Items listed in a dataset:
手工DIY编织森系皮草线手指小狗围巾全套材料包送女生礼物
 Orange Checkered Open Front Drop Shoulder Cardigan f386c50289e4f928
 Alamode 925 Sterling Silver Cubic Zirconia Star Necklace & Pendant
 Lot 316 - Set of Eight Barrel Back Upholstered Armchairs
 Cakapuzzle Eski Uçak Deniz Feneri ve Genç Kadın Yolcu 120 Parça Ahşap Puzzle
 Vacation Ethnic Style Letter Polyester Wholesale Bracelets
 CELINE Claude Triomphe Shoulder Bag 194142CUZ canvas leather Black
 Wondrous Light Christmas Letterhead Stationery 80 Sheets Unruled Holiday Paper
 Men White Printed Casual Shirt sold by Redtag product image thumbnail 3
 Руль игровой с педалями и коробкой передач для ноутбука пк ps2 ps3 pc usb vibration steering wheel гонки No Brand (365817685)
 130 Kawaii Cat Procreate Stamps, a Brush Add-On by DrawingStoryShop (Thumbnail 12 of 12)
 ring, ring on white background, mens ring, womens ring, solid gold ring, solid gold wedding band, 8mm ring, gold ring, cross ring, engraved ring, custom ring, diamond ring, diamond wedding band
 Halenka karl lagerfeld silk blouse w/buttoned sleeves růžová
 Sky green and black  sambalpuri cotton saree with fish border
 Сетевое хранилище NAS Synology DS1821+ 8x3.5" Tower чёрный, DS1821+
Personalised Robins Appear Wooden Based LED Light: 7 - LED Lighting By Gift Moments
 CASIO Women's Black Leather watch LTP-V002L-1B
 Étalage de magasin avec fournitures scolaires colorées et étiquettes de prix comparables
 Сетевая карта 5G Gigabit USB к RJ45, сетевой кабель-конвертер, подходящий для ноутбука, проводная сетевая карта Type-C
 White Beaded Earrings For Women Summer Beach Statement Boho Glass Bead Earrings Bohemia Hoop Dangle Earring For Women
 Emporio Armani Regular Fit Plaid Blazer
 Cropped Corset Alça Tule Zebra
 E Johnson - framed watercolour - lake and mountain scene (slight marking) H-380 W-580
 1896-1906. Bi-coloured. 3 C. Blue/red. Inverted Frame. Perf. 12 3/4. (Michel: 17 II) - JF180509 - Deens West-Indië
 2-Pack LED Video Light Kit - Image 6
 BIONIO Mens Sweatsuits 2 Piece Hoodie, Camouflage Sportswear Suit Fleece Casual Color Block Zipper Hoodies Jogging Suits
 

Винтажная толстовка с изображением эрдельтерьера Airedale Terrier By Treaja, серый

#### Task prompt
Each line above from the one with "Руль игровой с" up to and including the one with "130 Kawaii Cat" must be set down exactly, and no line outside that span may appear.

#### Solution to this exercise
 Руль игровой с педалями и коробкой передач для ноутбука пк ps2 ps3 pc usb vibration steering wheel гонки No Brand (365817685)
 130 Kawaii Cat Procreate Stamps, a Brush Add-On by DrawingStoryShop (Thumbnail 12 of 12)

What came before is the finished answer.